Of course Trump’s project of extricating imperialism from the corner to which it has been driven, is simultaneously a project of assertion of U.S. hegemony over the imperialist bloc as a whole. His slogan “Make America Great Again” is a project of recreating a world unquestioningly dominated by western imperialism with the U.S. as its unquestioned leader. It is a continuation in this sense of the strategy of making Europe dependent upon American energy sources that had been represented by the blowing up of Nord Stream II gas pipeline from Russia to Europe, allegedly by the U.S. “Deep State”.
There is however a major contradiction in Trump’s strategy. There is a price to be paid for “leadership” of the capitalist world; and Trump wants a “leadership” role for the U.S. without paying this price. The price is the following: the “leader” must tolerate trade deficits vis-à-vis other major capitalist powers in order to accommodate their ambitions and prevent the capitalist world as a whole from sinking into a crisis. This is what Britain had done during the years of its “leadership” and this is what the U.S. has been doing in the more recent period. Britain’s running a trade deficit vis-à-vis Continental Europe and the U.S. who were the other major powers at that time did not hurt it because it balanced this deficit, among other things, by claiming a surplus of invisible earnings vis-à-vis its colonial empire, the bulk of which was a cooked up surplus against which it extracted a “drain” from these colonies of conquest, with which it settled its deficit with other major capitalist powers.

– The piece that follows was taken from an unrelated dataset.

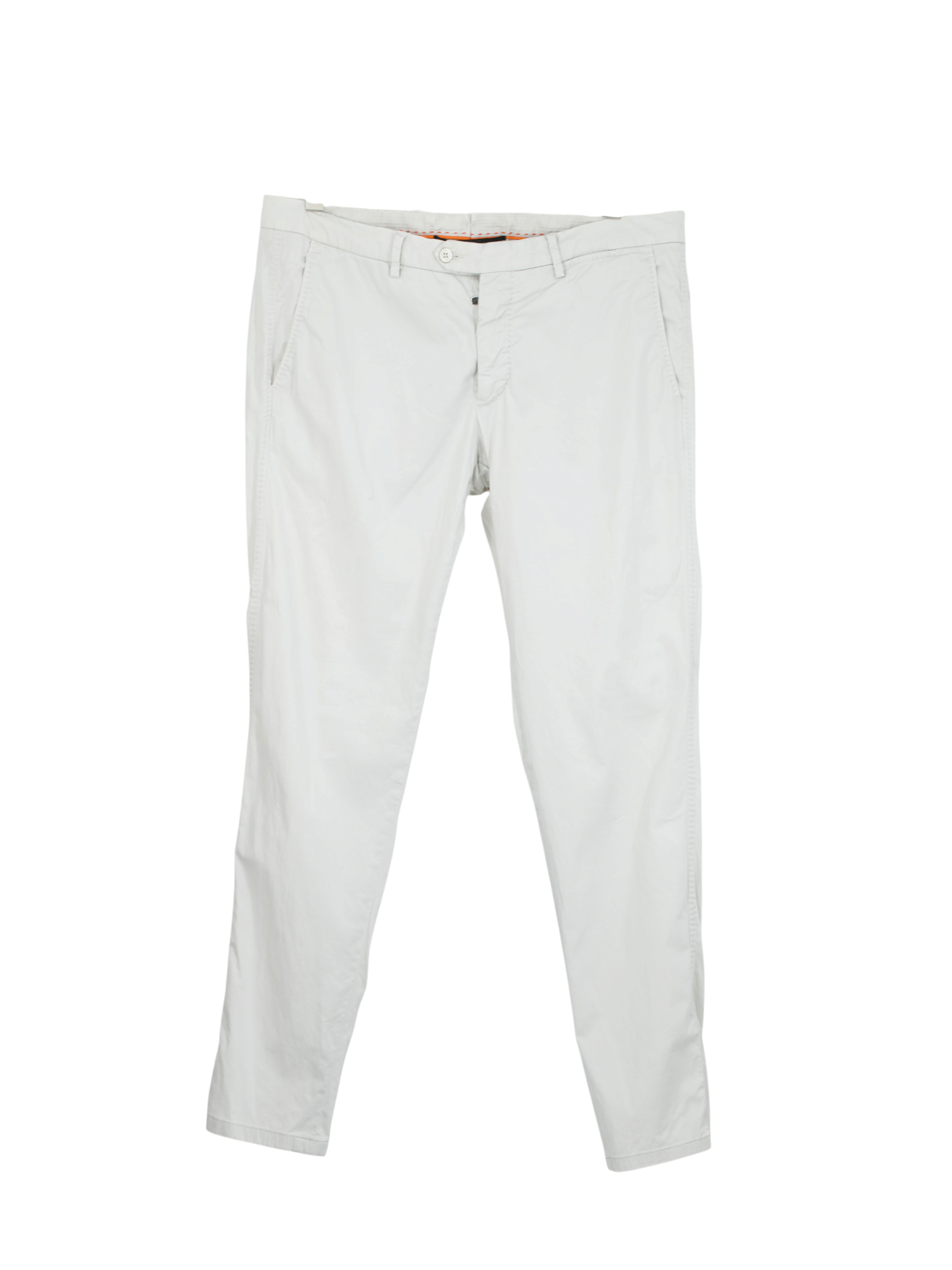 Marco Pescarolo Ecru Cotton & Elastane Plain Chino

Post-war U.S. however has not been in a similar “fortunate” position; its running a trade deficit vis-à-vis other major powers has made it sink deeper and deeper into debt. Its attempt to avoid getting even deeper into debt, which is a part of Trump’s “Make America Great Again” project and for which he is in the process of imposing tariffs against all its trading partners, in a situation where the overall demand in the capitalist world economy is not expanding because of the pressure from globalised finance capital to shun fiscal deficits and taxation of the rich for enlarging government expenditure everywhere, will only accentuate the world capitalist crisis, with a particularly heavy burden falling on the non-US capitalist world.
The Trump strategy for the revival of imperialism therefore amounts to having one’s cake and eating it too. His attempt to assert U.S. leadership while seeking to impose tariffs on others amounts to a “beggar-thy-neighbour” policy vis-à-vis the rest of the world. Such a “beggar-thy-neighbour” policy, which amounts to ensuring growth for oneself by snatching markets from others, is fundamentally inimical to the project of reasserting imperialist hegemony. If Biden had pushed imperialism into one corner, Trump’s extrication of it from that corner will only lead to its being pushed into another corner.
(Prabhat Patnaik is Professor Emeritus at the Centre for Economic Studies and Planning, Jawaharlal Nehru University, New Delhi. Courtesy: The author’s blog at networkideas.org.)